What is Hail
Hail is a form of solid precipitation. It consists of balls or irregular lumps of ice, each of which is referred to as a hail stone. Unlike graupel, which is made of rime, and ice pellets, which are smaller and translucent, hail stones, on Earth, consist mostly of water ice and measure between 5 and 200 millimetres (0.20 and 7.9 in) in diameter. The METAR reporting code for hail 5 mm (0.20 in) or greater is GR, while smaller hailstones and graupel are coded GS. Hail is possible within most thunderstorms as it is produced by cumulonimbi (thunderclouds), and within 2 nautical miles (3.7 km) of the parent storm. Hail formation requires environments of strong, upward motion of air with the parent thunderstorm (similar to tornadoes) and lowered heights of the freezing level. In the mid-latitudes, hail forms near the interiors of continents, while in the tropics, it tends to be confined to high elevations.

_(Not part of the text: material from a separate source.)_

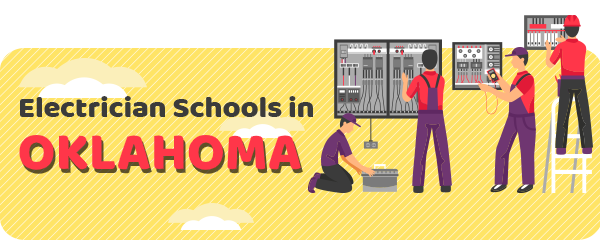 Electrician Schools in Oklahoma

There are methods available to detect hail-producing thunderstorms using weather satellites and weather radar imagery. Hail stones generally fall at higher speeds as they grow in size, though complicating factors such as melting, friction with air, wind, and interaction with rain and other hail stones can slow their descent through Earth's atmosphere. Severe weather warnings are issued for hail when the stones reach a damaging size, as it can cause serious damage to human-made structures and, most commonly, farmers' crops.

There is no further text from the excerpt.